От чувства полной беззащитности трудно было даже дышать, словно я очутился в разреженном воздухе. И всё-таки мысли мои работали четко. Едва Беннет исчез с экрана, я первым делом вытащил свой «карманник» и набрал проверку баланса. Загорелись цифры «180000/50000» – сто восемьдесят тысяч рублей или пятьдесят тысяч долларов. Прощальный подарок Беннета: выходит, он до последней секунды пополнял мой счет. Совсем недавно я готов был истратить такую сумму за один вечер в ресторане. Теперь, если я буду экономно расходовать эти деньги, то смогу просуществовать на них больше года. Когда они закончатся, останется только нищенская полицейская пенсия.
Разумеется, я понимал, что меня могут убить гораздо раньше, чем через год, но не умирать же мне было прямо
сейчас от такого понимания! А значит, бойся не бойся, приходилось как-то планировать ближайшее будущее. За аренду квартирки-офиса и за пансионат на Каменном острове было уплачено на несколько месяцев вперед. Потом пойдут скитания по совсем уж скверным гостиницам, одна хуже другой. А куда я дену книги?…

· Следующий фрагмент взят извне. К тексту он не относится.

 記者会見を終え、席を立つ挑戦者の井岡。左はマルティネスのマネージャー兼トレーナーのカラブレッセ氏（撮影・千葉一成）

Оставалась еще одна попытка спастись, если не от бедности, так хоть от угрозы для моей жизни: кинуться за помощью к Елене. Рассказать, что меня пытаются использовать в борьбе против ее фирмы, предложить любые услуги в этой схватке. Ну, хотя бы передавать Андрею дезинформацию, да просто делать всё, что прикажут, лишь бы меня взяли под прикрытие!
Была минута, когда я потянулся к компьютеру набрать ее номер, но пальцы замерли на пульте. Я просто физически ощутил, что не смогу открыть другому человеку – Елене тем более – свой испуг. Не смогу признаться в слабости, молить о защите – это невыносимей для меня, чем смертельная опасность. Великий инстинкт самосохранения оказался слабее глупого самолюбия.
Но в такой глупости заключалось и горькое утешение. Дед Виталий когда-то объяснял мне основы психологии: нормальному человеку необходима референтная группа, мнение которой он учитывает в своих поступках. Она может быть реальной или воображаемой, как у людей религиозных. А если ее не осталось никакой, этой группой человек должен стать сам для себя. И, как бы я ни был жалок и беспомощен, дурацкая невозможность переступить через остатки собственного достоинства сейчас казалась мне последним оправданием – теперь уже только перед самим собой! – и моего существования в обезумевшем мире, и моего ухода из него.